Include the line containing "We can also classify proteases." and all lines before it, repeated exactly from the listing below, without pictures.
>>
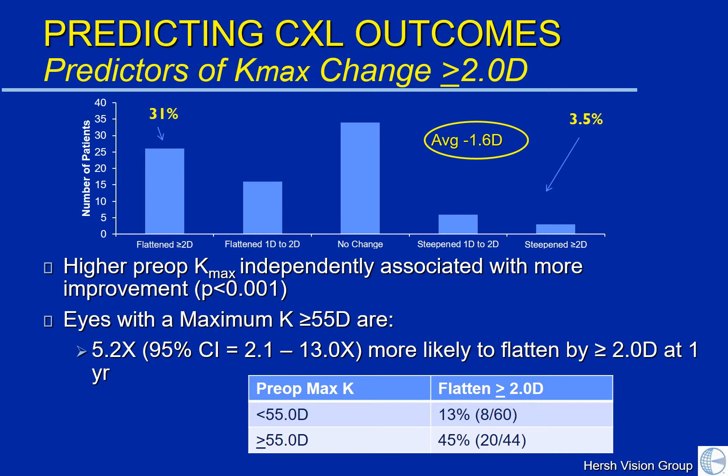If we look into this more carefully, looking at the bar graph up top on this slide, what we find is that most patients remain stable, 31% actually improve the height of the keratoconic cone substantially, and 3.5% have continued steepening. The main finding of our study was that patients who have a worse cone initially had a greater tendency to improve more with crosslinking.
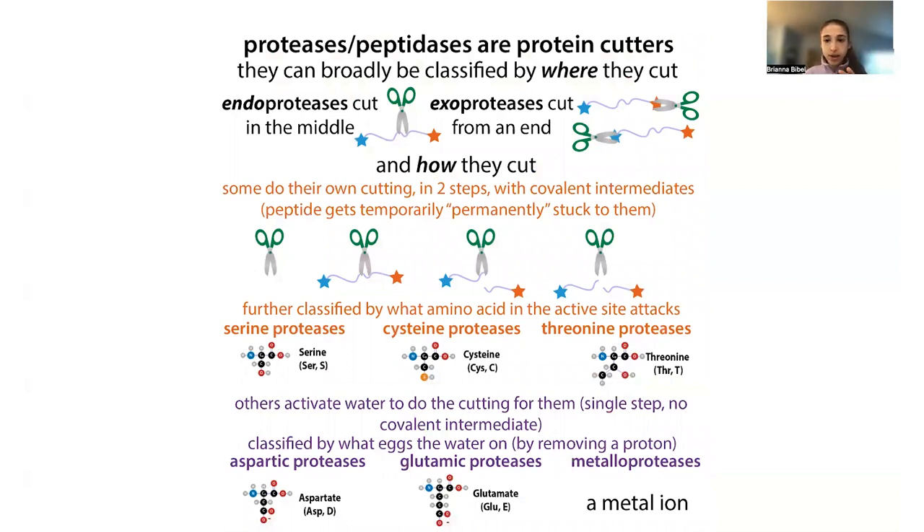We can also classify proteases. An endoprotease cuts in the middle of a peptide or protein, while an exoprotease cuts from the ends. We can also classify by how they cut. Serine, cysteine, and threonine proteases have their 'blades' coming from the active site — it's the protease itself that attacks first, rather than water. This leads to a covalent intermediate where the scissors get stuck on one half of the substrate.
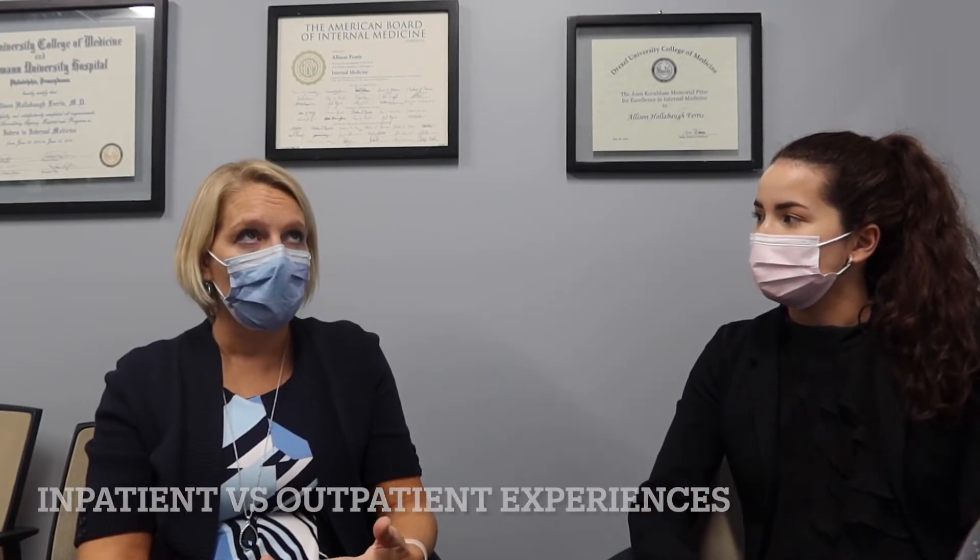We do what's called X plus Y scheduling, or four plus ones. Residents do four weeks of a rotation, then one week of intense clinic time. This allows five groups of residents to rotate through clinic so there are five different clinic weeks, giving residents continuity with their patients since every fifth week they'll be in clinic. Clinic week is a little easier than inpatient or ICU months, and residents are guaranteed Saturday and Sunday off. Overall, the residency is about 30% outpatient and the rest inpatient.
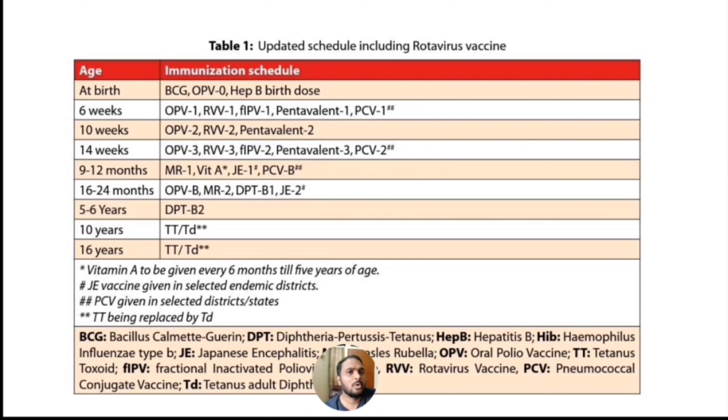At 10 weeks we are giving OPV 2nd dose, Rotavirus 2nd dose and Pentavalent 2nd dose. At 14 weeks we are giving IPV 2nd dose, OPV 3rd dose, Rotavirus vaccine and Pentavalent vaccine 3rd dose.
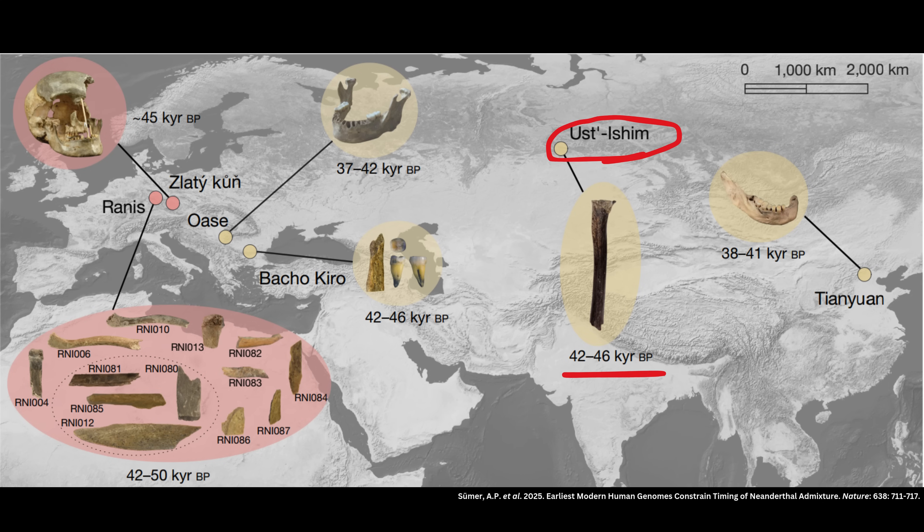This places them close in time to the Ust-Ishim individual from Siberia, whose genome has also been sequenced — he lived between 43,210 and 46,880 cal BP — as well as individuals from Bacho Kiro in Bulgaria, who lived between 42,580 and 45,930 years ago. Today I'm just focusing on Zlatikun and the Rannis individuals who, going by the radiocarbon date range, represent the oldest anatomically modern humans to have had their genomes published to date.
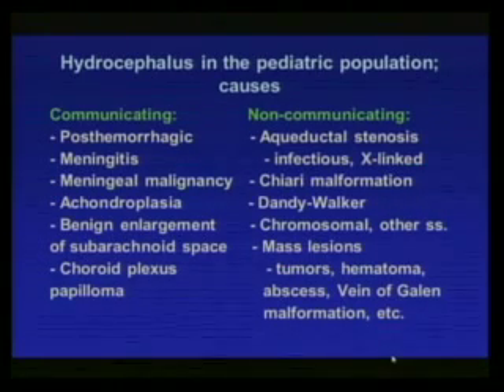Achondroplasia is a different situation where you get stenosis of the sigmoid sinus because the openings in the cranial base are not large enough, producing an increase in venous pressure. You can get a benign enlargement of the subarachnoid space — what I'd call a benign external hydrocephalus of infancy or childhood. You can also have a choroid plexus papilloma, a rare tumor of the choroid plexus causing overproduction of cerebrospinal fluid without any obstruction.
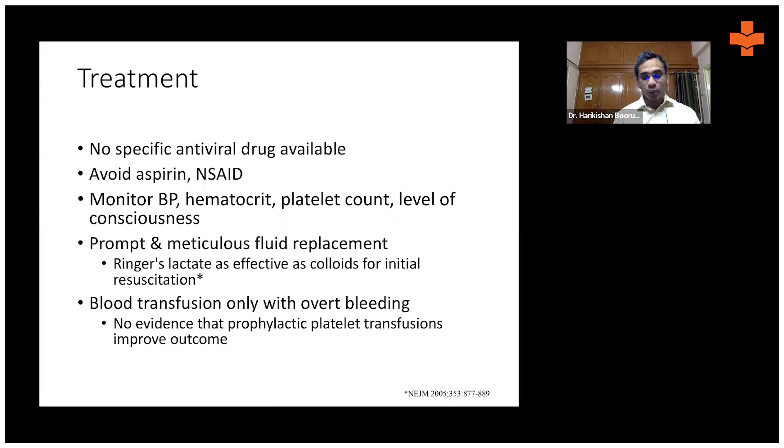When do we need to give blood transfusions in dengue patients? Only in patients with overt bleeding. There is no evidence that prophylactic platelet transfusions improve dengue outcomes.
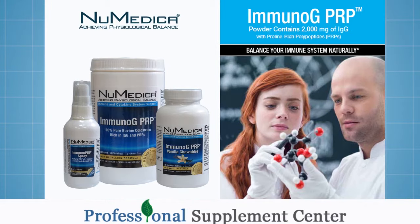What Numedica has really done is they've harnessed the power of PRPs. PRPs are proline-rich polypeptides that are tiny information-carrying proteins that balance immune activity. It's even perfect for those who are lactose or dairy intolerant.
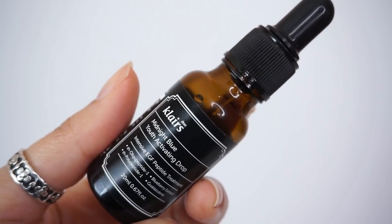Finally, the Klairs Midnight Blue Youth Activating Drops — I really like this. This is a really good high concentration of peptides. It's pretty much peptides and not much else, and that is a good thing. A lot of products claim they have peptides, but you'll find them all the way at the bottom of the ingredient list. This is about 93% peptides by weight with only 12 ingredients, and the two peptides are the first ones listed. This is a really high quality option if you're looking to add peptides to your routine — I definitely recommend starting if you're in your mid to late 20s. Peptides help preserve the collagen structure underneath your skin, fighting things like elasticity loss, wrinkles, and skin thinning.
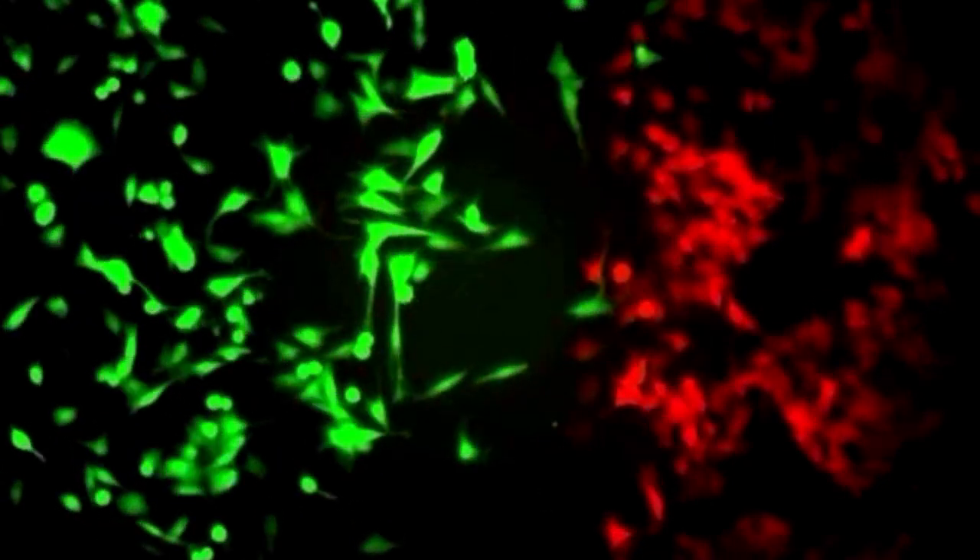To understand how melanomas grow and spread, the researchers turned to mixtures of these cells. When mixed together, the red cells suddenly became mobile. Next, the team placed the cell mixture into zebrafish, forming tumours like this.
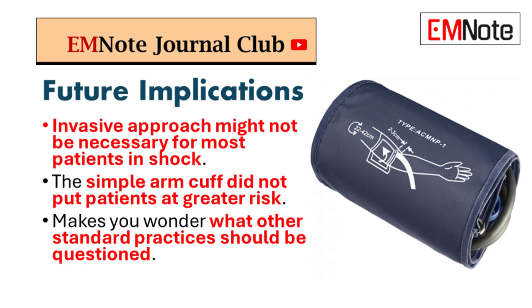So what's the big takeaway? What does all this mean for the future of ICU care? It really boils down to three huge implications for how we treat these patients. For most patients in shock, it turns out that the invasive approach just might not be necessary. It really makes you wonder: what other standard practices should we be questioning next?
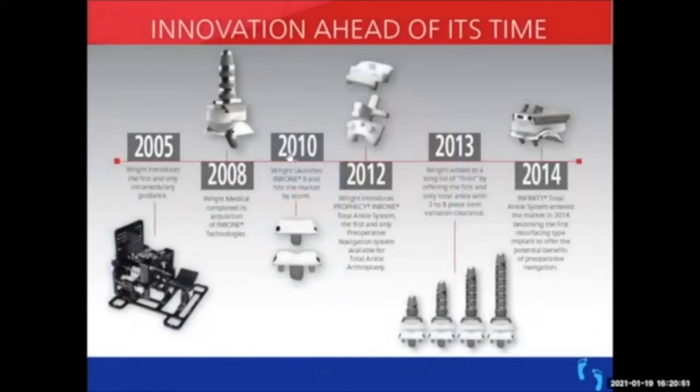This shows a continuum of ankle replacements. Early on, 15 years ago, a large device was used to help position and align it. Now we've moved away from that because we're able to do preoperative navigation with a CT scan, getting custom cutting guides to achieve alignment without a large jig. The InBone evolved into the Infinity, which takes less bone. The InBone and Envision revision versions have a long modular stem for more stability in patients with poor bone quality — the stem can be made to any length.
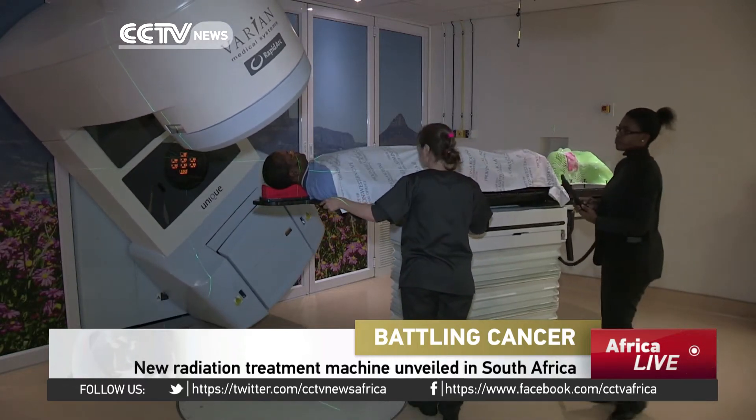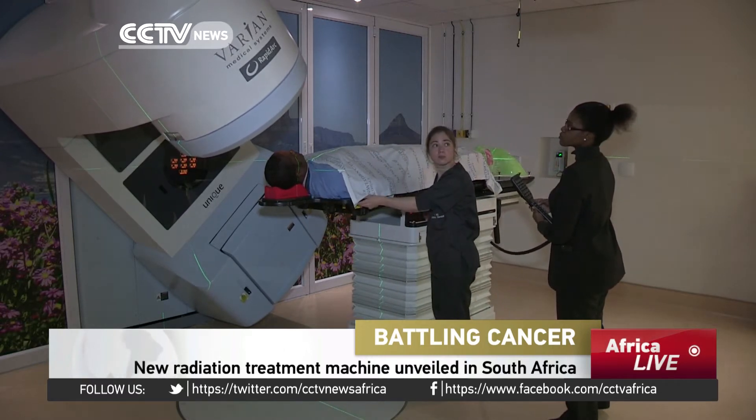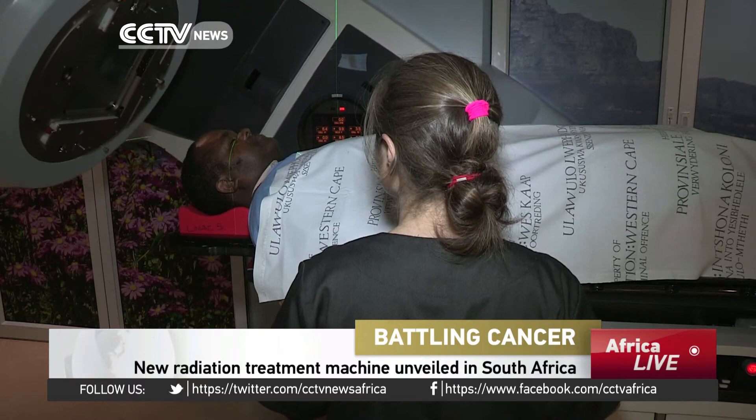For cancer patients, radiotherapy tends to be a traumatic experience, often accompanied by long-lasting and painful side effects. This new machine, the Linnak Bunker, has been hailed as a powerful weapon in treating cancer.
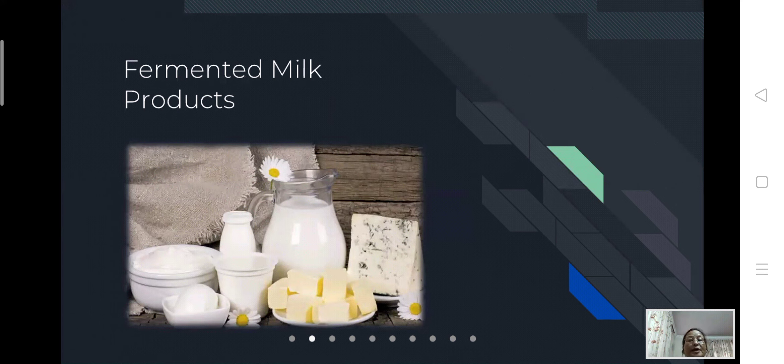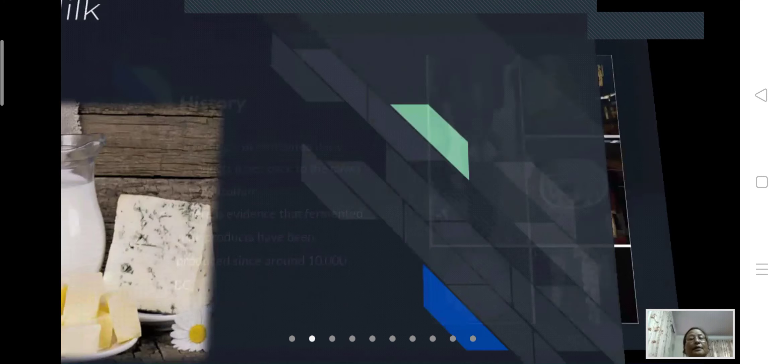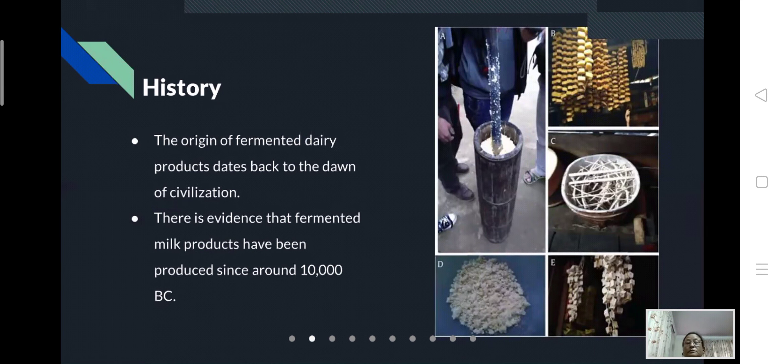Next are fermented milk products. Different types of fermented milk products are prepared. There is evidence that fermented milk products have been produced since around 10,000 BC. In ancient times, people knew how to prepare and consume different types of fermented milk products, using the inherent normal bacterial flora — lactic acid bacteria — present in milk, which caused it to ferment into sour milk.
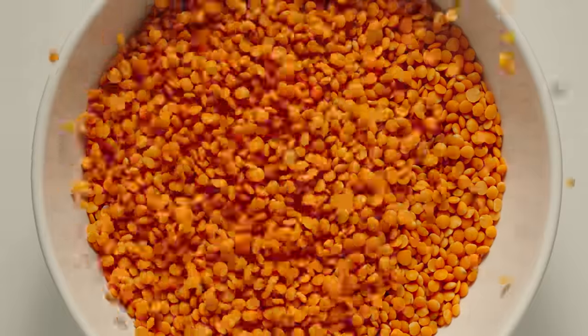Lentils boast so many benefits — they're plentiful, fast to prepare, and come in at about $1.10 a pound for dried lentils. They have a rich, nutty flavor and come in many color varieties: red, green, black, and brown. Lentils are high in protein — about 18 grams per cup of cooked lentils. They're also rich in folate, niacin, calcium, and magnesium. I use them in soups, stews, loaves, and they make an excellent stuffing for savory pies.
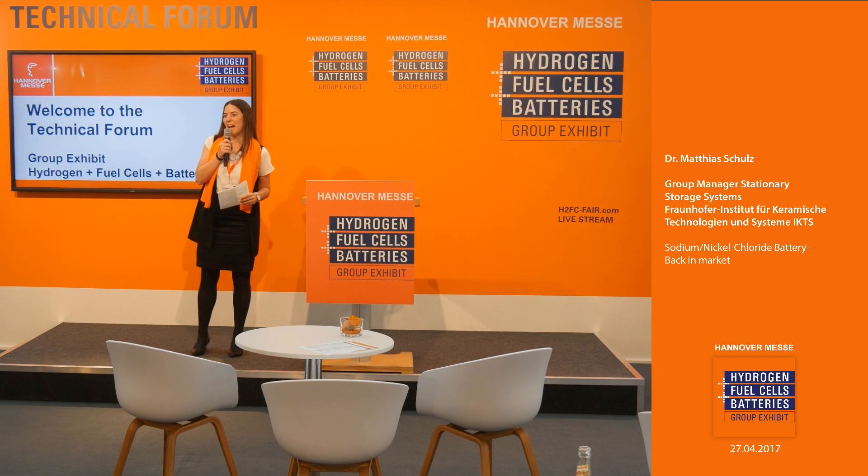Welcome to the group exhibit Hydrogen Fuel Cells and Batteries at the Hannover Fair 2017. We are here at the Technical Forum and my name is Muriel Buakas. Please have a seat, join us for the upcoming presentation, have a coffee, have some drinks — it's all for free. I would also like to give a warm welcome to our guests watching this presentation online through our live streaming channel.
<<
## Your response
If we look into this more carefully, looking at the bar graph up top on this slide, what we find is that most patients remain stable, 31% actually improve the height of the keratoconic cone substantially, and 3.5% have continued steepening. The main finding of our study was that patients who have a worse cone initially had a greater tendency to improve more with crosslinking.
We can also classify proteases. An endoprotease cuts in the middle of a peptide or protein, while an exoprotease cuts from the ends. We can also classify by how they cut. Serine, cysteine, and threonine proteases have their 'blades' coming from the active site — it's the protease itself that attacks first, rather than water. This leads to a covalent intermediate where the scissors get stuck on one half of the substrate.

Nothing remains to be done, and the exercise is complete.